§ Work task
Below are the entries. Transcribe exactly the lines from the one with "Three gilt dining" through the one with "Salmon sushi set.", ends included, and leave out all others.

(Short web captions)
▶

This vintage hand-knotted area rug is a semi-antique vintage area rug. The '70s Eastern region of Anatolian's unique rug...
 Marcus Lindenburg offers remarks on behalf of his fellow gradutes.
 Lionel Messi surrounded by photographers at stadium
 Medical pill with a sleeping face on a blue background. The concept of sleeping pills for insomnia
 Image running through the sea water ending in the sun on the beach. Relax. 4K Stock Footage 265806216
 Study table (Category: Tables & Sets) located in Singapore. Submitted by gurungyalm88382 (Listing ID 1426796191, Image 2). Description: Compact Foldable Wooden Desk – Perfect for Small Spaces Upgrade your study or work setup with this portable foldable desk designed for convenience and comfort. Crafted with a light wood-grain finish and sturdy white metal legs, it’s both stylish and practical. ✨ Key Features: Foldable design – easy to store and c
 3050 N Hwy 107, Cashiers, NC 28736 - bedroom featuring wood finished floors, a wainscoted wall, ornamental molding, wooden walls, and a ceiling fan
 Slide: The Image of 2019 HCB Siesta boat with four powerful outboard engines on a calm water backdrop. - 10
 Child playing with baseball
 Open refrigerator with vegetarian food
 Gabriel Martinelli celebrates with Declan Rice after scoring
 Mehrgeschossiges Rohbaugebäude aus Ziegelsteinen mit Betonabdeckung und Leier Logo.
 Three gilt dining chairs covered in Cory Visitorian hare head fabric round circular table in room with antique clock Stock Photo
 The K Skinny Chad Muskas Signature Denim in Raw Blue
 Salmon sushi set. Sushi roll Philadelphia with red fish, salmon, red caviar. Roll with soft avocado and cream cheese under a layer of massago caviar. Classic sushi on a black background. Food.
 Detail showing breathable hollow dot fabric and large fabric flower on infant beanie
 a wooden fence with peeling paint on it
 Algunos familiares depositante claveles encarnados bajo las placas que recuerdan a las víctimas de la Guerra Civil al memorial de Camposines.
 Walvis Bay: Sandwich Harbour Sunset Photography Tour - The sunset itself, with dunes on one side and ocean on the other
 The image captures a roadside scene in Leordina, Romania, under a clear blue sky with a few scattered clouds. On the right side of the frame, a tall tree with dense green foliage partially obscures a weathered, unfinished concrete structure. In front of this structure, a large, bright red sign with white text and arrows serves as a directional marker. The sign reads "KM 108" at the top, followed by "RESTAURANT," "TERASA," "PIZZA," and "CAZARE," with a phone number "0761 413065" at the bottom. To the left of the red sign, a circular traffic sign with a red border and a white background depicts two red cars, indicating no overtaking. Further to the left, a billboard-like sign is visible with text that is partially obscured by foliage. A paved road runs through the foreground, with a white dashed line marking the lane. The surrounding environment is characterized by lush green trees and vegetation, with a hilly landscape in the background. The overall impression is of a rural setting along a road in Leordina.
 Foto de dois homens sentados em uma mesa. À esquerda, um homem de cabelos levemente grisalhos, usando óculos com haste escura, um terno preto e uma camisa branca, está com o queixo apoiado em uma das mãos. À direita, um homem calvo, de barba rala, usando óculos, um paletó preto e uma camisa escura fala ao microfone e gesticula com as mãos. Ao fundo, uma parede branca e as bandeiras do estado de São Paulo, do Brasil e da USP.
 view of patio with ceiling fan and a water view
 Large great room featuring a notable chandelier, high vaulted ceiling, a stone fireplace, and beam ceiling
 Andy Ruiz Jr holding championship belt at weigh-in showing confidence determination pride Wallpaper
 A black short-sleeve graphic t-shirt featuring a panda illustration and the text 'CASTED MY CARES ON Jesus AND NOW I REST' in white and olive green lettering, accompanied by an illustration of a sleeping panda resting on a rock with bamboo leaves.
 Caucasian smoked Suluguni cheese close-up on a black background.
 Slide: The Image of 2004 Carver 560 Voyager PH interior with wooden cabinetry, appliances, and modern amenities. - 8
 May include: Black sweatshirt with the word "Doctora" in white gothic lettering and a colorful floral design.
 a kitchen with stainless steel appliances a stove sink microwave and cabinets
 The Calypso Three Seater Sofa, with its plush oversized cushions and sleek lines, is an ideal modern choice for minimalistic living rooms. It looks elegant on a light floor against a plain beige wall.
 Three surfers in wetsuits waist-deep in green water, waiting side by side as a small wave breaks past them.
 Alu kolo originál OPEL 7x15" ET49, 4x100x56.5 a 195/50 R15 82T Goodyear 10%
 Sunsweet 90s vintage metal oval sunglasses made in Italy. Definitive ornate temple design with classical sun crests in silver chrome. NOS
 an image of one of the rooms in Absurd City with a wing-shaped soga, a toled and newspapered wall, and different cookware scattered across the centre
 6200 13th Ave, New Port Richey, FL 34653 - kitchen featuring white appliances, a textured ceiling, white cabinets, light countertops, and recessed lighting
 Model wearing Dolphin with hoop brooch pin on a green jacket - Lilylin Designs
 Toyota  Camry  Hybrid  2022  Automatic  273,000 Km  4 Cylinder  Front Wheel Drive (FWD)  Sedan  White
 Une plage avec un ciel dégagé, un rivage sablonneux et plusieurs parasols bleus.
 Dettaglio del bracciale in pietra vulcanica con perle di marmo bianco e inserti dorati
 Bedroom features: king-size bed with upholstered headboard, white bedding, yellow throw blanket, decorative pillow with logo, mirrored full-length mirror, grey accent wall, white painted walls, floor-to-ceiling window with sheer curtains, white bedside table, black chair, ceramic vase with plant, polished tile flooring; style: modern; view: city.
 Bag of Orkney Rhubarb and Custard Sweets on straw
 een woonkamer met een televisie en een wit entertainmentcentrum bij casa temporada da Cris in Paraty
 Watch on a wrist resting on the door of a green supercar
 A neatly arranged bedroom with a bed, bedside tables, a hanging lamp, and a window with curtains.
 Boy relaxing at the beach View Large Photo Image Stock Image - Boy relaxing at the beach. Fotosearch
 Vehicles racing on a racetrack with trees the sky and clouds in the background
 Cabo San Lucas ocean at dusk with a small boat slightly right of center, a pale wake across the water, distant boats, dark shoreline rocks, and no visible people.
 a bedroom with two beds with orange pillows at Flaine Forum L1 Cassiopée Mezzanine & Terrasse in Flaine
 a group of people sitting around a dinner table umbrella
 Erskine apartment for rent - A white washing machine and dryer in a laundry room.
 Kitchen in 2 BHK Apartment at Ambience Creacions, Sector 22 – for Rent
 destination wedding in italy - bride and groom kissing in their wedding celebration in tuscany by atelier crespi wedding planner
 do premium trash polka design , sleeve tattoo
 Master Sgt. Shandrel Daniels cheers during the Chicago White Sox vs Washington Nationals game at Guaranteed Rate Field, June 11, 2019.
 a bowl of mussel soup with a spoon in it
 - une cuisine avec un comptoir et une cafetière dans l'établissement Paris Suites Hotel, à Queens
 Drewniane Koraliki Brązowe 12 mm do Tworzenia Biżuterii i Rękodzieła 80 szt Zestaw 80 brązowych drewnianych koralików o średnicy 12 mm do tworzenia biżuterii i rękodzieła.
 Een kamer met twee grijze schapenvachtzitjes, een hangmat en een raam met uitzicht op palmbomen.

◀

§ Answer section
 Three gilt dining chairs covered in Cory Visitorian hare head fabric round circular table in room with antique clock Stock Photo
 The K Skinny Chad Muskas Signature Denim in Raw Blue
 Salmon sushi set. Sushi roll Philadelphia with red fish, salmon, red caviar. Roll with soft avocado and cream cheese under a layer of massago caviar. Classic sushi on a black background. Food.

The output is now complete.